(Aim of the task): After locating "2 Piece Chenille" in the listing below, copy that line and each one after it exactly, ending with the line that has "3d Modeling Line Icon vector".

(Information):
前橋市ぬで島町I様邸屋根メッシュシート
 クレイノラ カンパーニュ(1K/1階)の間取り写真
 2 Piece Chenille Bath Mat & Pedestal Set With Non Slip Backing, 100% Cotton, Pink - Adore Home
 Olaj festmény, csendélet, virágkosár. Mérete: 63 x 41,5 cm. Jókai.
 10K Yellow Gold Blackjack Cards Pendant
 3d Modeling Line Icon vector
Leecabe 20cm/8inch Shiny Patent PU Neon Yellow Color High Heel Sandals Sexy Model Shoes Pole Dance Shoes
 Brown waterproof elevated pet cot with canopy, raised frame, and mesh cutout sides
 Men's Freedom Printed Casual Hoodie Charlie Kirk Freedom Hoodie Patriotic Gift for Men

(Result of this exercise):
 2 Piece Chenille Bath Mat & Pedestal Set With Non Slip Backing, 100% Cotton, Pink - Adore Home
 Olaj festmény, csendélet, virágkosár. Mérete: 63 x 41,5 cm. Jókai.
 10K Yellow Gold Blackjack Cards Pendant
 3d Modeling Line Icon vector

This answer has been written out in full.